Pharmacy Times: The ASPEN study included patients with both MYD88-mutated and MYD88-wild type WM. Can you discuss the efficacy and safety of zanubrutinib in these specific patient subgroups?

D’Sa: Many patients with WM do have MYD88 mutation, but those that do not, and they were tested in the cohort 2, and all received zanubrutinib, are a concern in the treatment of these patients, because traditionally, ibrutinib has been found to be less effective in that cohort. The good news was that we did see that there were good response rates in cohort 2, which is the wild type MYD88 patients. This persisted in the long-term extension study, so durable responses are possible and seem to continue over a long period of time. This really bodes well and is promising for both MYD88-mutated and unmutated patients.

Pharmacy Times: Are there unique advantages of zanubrutinib that have been observed in the ASPEN study compared with alternative treatments? Could these be leveraged to better patient care?

D’Sa: The advantages of zanubrutinib, I think, come from 2 sources. One is that there appears to be an inherent improvement in effectiveness and efficacy. But if we think about what makes a drug effective in a disease, it is a combination of that inherent effectiveness, but also what sort of dose you can get into the patient. That is the other strength of Zanubrutinib; it is a well-tolerated drug, and therefore dose reductions are less likely to happen. The other main factor of importance with zanubrutinib is in the wild type group. This is a high-risk group, and it is very reassuring to see that zanubrutinib can achieve responses in this group. There were also improvements seen compared to ibrutinib in those with CXCR4 mutations and P53 mutations, although in ASPEN, the methods used were earlier in their development, whereas in the long-term extension study, methodologies improved. Overall numbers of those 2 subgroups were relatively small. These are promising findings, but further study is needed to confirm them.

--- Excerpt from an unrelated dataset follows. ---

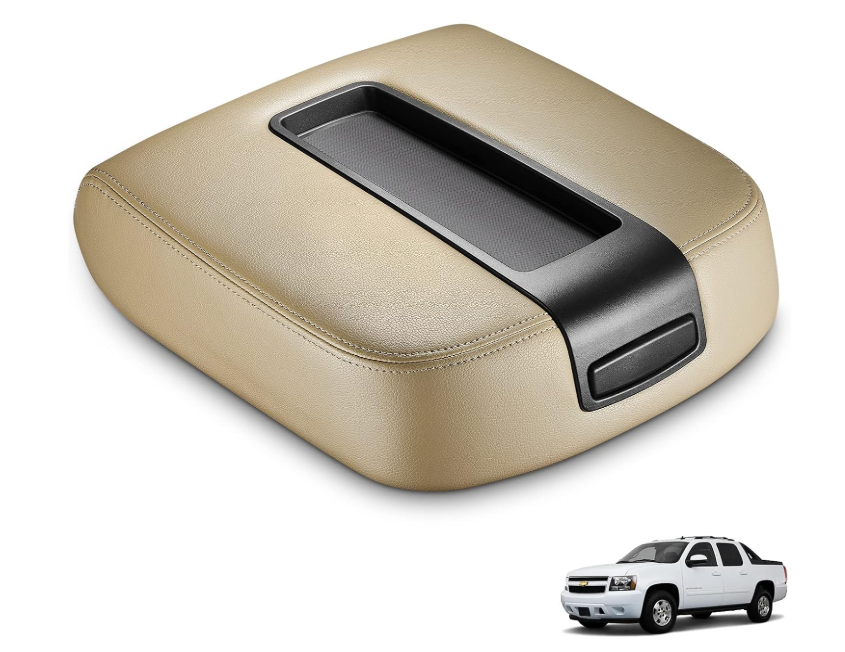 Center Console Lid Beige Armrest Cover Compatible with 2007-2014 Chevy Silverado Tahoe Suburban 1500 2500 Avalanche GMC Sierra Yukon XL Replaces 15217111 15941534 19328718
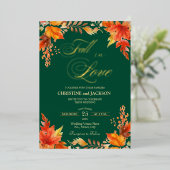 Herfst in Liefde Details op Terug Bloemen Trouwgou Folie Uitnodiging (Staand Voorkant)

Pharmacy Times: What should pharmacists and treatment providers educate themselves on regarding these results to counsel patients with Waldenström macroglobulinemia (WM)?

D’Sa: Pharmacists and health care providers, when talking to patients about zanubrutinib, clearly need to explain that in the current use in WM, it is a long-term continuous therapy. However, studies have shown, particularly ASPEN and the long-term extension study, that over a long period of time, a good proportion of patients tolerate this drug well. People need not be inherently concerned that they will be taking a drug for a long time. Some of the adverse events of special interest, particularly atrial fibrillation and diarrhea, have been better based on ASPEN and the long-term extension study. These are aspects that can be mentioned to patients when counseling them. Clearly, there's no absence of side effects, but when there is promise for fewer side effects, even over a long period of follow up, I think this is a very promising thing to tell patients.